═════ Listed entries

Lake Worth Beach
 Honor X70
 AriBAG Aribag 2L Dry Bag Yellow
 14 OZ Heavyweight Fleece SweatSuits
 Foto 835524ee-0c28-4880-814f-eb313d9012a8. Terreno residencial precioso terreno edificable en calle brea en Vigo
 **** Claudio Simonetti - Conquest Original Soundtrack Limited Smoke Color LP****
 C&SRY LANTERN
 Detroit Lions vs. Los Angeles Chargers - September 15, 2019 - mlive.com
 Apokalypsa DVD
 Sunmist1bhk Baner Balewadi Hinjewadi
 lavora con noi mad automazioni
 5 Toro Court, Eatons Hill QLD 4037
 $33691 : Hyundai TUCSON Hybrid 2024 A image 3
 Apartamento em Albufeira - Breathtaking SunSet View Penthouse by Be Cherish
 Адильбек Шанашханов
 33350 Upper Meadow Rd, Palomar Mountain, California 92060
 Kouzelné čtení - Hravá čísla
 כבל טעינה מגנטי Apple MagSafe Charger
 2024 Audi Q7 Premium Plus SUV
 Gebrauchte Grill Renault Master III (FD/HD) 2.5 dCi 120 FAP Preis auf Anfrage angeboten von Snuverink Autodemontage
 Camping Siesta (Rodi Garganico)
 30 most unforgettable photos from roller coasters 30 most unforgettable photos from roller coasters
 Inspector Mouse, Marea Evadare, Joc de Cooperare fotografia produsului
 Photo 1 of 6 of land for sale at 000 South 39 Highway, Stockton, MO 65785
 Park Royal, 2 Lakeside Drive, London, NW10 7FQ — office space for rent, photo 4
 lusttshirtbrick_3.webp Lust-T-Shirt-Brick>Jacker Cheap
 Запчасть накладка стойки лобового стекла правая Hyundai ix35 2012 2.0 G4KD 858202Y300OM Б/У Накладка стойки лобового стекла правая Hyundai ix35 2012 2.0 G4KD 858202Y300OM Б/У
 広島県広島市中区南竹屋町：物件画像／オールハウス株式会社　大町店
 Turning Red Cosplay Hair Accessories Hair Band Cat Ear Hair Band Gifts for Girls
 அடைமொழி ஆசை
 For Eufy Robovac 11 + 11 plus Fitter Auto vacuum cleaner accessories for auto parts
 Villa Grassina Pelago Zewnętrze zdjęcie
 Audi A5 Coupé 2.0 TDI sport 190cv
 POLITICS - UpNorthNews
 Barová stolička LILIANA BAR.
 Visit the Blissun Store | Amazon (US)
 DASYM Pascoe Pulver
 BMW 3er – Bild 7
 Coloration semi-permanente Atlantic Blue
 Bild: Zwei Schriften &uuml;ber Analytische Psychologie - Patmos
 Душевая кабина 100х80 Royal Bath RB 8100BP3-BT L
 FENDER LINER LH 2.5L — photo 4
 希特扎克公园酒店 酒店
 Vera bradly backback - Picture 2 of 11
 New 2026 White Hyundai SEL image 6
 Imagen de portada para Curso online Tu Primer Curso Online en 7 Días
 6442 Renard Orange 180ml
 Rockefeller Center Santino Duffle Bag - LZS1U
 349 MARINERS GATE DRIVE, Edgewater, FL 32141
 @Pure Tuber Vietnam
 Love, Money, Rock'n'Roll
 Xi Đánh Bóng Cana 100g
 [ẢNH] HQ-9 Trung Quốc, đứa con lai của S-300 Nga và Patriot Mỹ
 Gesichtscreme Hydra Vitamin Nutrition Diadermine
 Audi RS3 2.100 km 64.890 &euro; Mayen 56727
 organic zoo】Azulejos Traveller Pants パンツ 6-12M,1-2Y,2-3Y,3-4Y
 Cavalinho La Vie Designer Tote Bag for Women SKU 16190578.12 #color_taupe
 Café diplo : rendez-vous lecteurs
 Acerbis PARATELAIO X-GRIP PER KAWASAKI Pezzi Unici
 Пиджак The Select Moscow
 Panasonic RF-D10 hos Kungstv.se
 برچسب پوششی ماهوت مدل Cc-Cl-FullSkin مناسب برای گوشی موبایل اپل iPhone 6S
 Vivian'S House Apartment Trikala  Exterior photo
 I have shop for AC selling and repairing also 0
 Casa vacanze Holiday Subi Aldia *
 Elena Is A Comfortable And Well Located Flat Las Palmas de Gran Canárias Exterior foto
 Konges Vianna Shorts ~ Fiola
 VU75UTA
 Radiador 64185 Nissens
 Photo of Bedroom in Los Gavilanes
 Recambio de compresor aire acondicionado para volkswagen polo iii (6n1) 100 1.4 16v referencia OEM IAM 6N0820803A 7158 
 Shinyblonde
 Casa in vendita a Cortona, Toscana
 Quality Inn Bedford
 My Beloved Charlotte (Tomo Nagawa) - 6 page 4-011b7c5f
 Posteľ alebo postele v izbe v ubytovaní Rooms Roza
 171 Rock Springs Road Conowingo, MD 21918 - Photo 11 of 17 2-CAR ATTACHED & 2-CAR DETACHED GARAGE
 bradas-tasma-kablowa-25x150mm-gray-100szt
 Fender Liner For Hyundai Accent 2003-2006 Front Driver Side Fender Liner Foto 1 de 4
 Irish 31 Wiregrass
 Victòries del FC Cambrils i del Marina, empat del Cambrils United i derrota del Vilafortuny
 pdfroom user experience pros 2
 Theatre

══════════

Task prompt: Extract every line above that contains the word "Royal".

Exercise answer:
 Park Royal, 2 Lakeside Drive, London, NW10 7FQ — office space for rent, photo 4
 Душевая кабина 100х80 Royal Bath RB 8100BP3-BT L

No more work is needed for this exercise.